* Problem statement: Print the whole listing below exactly as given, pictures excluded.

* Material provided:

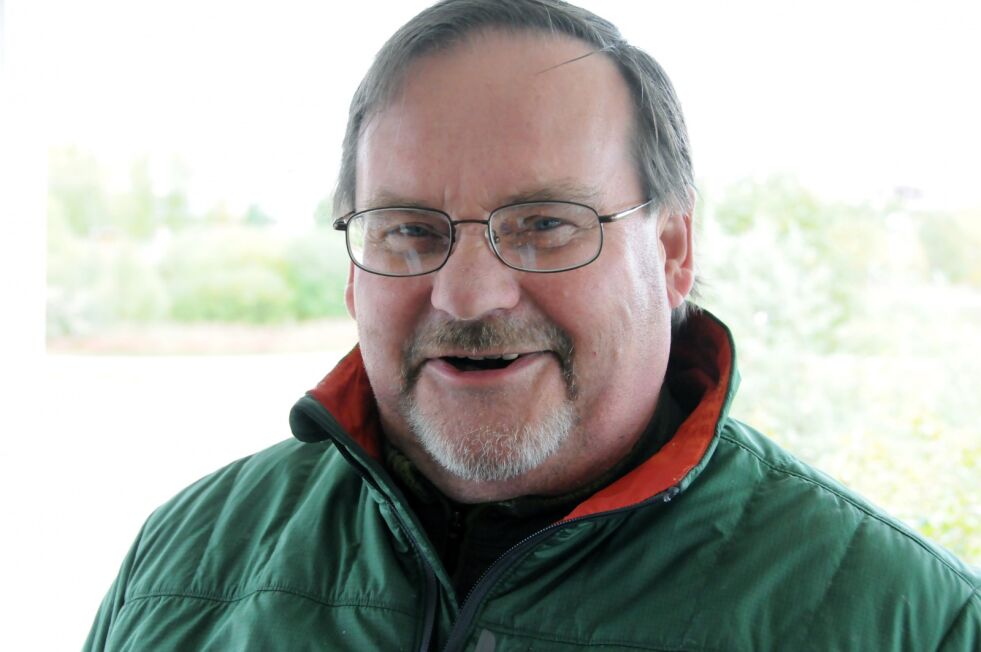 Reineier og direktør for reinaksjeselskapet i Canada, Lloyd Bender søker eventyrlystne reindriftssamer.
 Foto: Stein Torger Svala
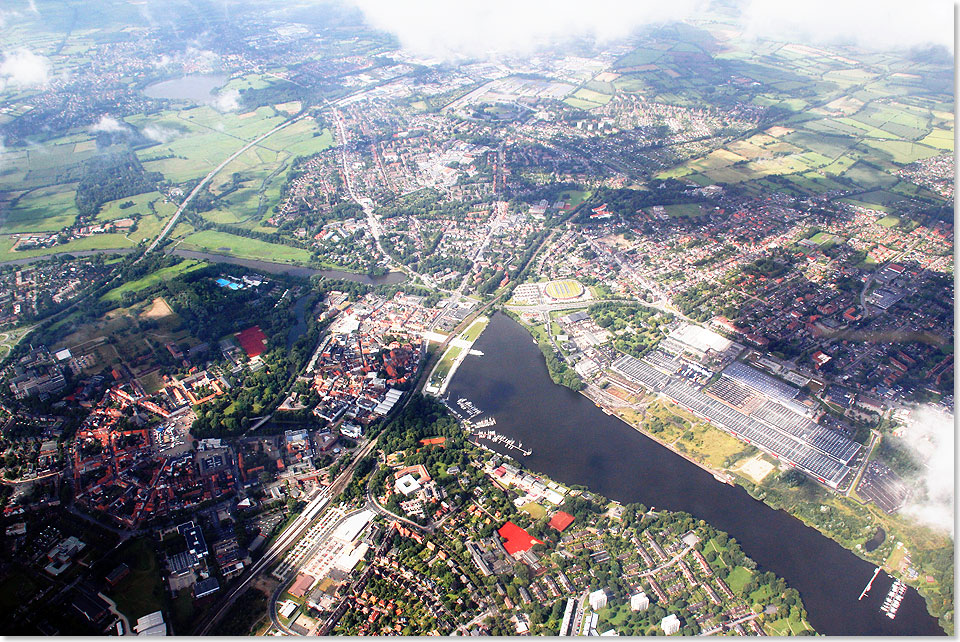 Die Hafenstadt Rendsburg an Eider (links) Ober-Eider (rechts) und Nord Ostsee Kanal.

* Answer for the task:
 Reineier og direktør for reinaksjeselskapet i Canada, Lloyd Bender søker eventyrlystne reindriftssamer.
 Foto: Stein Torger Svala
 Die Hafenstadt Rendsburg an Eider (links) Ober-Eider (rechts) und Nord Ostsee Kanal.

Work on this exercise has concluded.